--- PROBLEM DETAILS ---
Until you reach the line containing "فعالیت قرارگاه امدادگران", reproduce each line of the listing exactly, please, and include that line as well.

*** RECORDS SHOWN Section Begins ***

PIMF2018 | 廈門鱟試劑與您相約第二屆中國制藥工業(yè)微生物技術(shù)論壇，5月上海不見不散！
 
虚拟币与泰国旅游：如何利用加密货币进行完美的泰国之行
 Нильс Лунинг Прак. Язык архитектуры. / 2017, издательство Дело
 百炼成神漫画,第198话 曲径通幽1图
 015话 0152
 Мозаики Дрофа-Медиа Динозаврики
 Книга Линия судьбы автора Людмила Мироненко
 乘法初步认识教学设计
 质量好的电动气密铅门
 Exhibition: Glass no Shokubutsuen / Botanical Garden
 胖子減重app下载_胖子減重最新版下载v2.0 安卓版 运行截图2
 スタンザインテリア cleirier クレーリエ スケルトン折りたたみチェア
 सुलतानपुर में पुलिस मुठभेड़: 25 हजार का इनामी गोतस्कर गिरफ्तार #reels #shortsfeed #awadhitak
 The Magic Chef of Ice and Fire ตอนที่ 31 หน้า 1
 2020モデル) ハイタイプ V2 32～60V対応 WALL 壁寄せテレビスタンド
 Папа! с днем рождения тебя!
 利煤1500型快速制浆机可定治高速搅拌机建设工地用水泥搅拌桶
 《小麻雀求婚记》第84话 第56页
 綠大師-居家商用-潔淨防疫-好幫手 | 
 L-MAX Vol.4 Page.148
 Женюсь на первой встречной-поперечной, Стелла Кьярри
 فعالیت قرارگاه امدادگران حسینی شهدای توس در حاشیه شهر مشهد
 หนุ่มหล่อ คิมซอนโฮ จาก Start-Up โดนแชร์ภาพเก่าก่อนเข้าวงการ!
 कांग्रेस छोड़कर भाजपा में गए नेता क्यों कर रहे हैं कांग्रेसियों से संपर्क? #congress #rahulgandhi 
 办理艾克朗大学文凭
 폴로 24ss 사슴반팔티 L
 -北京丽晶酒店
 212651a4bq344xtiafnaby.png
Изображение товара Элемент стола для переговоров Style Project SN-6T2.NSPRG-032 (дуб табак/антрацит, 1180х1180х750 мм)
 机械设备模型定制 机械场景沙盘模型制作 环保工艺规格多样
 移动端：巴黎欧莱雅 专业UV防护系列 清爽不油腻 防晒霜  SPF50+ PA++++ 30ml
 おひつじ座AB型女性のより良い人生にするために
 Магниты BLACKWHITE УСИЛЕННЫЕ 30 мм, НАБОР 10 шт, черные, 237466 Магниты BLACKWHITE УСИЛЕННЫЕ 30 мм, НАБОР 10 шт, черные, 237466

*** RECORDS SHOWN Section Ends ***

--- REPLY ---
PIMF2018 | 廈門鱟試劑與您相約第二屆中國制藥工業(yè)微生物技術(shù)論壇，5月上海不見不散！
 
虚拟币与泰国旅游：如何利用加密货币进行完美的泰国之行
 Нильс Лунинг Прак. Язык архитектуры. / 2017, издательство Дело
 百炼成神漫画,第198话 曲径通幽1图
 015话 0152
 Мозаики Дрофа-Медиа Динозаврики
 Книга Линия судьбы автора Людмила Мироненко
 乘法初步认识教学设计
 质量好的电动气密铅门
 Exhibition: Glass no Shokubutsuen / Botanical Garden
 胖子減重app下载_胖子減重最新版下载v2.0 安卓版 运行截图2
 スタンザインテリア cleirier クレーリエ スケルトン折りたたみチェア
 सुलतानपुर में पुलिस मुठभेड़: 25 हजार का इनामी गोतस्कर गिरफ्तार #reels #shortsfeed #awadhitak
 The Magic Chef of Ice and Fire ตอนที่ 31 หน้า 1
 2020モデル) ハイタイプ V2 32～60V対応 WALL 壁寄せテレビスタンド
 Папа! с днем рождения тебя!
 利煤1500型快速制浆机可定治高速搅拌机建设工地用水泥搅拌桶
 《小麻雀求婚记》第84话 第56页
 綠大師-居家商用-潔淨防疫-好幫手 | 
 L-MAX Vol.4 Page.148
 Женюсь на первой встречной-поперечной, Стелла Кьярри
 فعالیت قرارگاه امدادگران حسینی شهدای توس در حاشیه شهر مشهد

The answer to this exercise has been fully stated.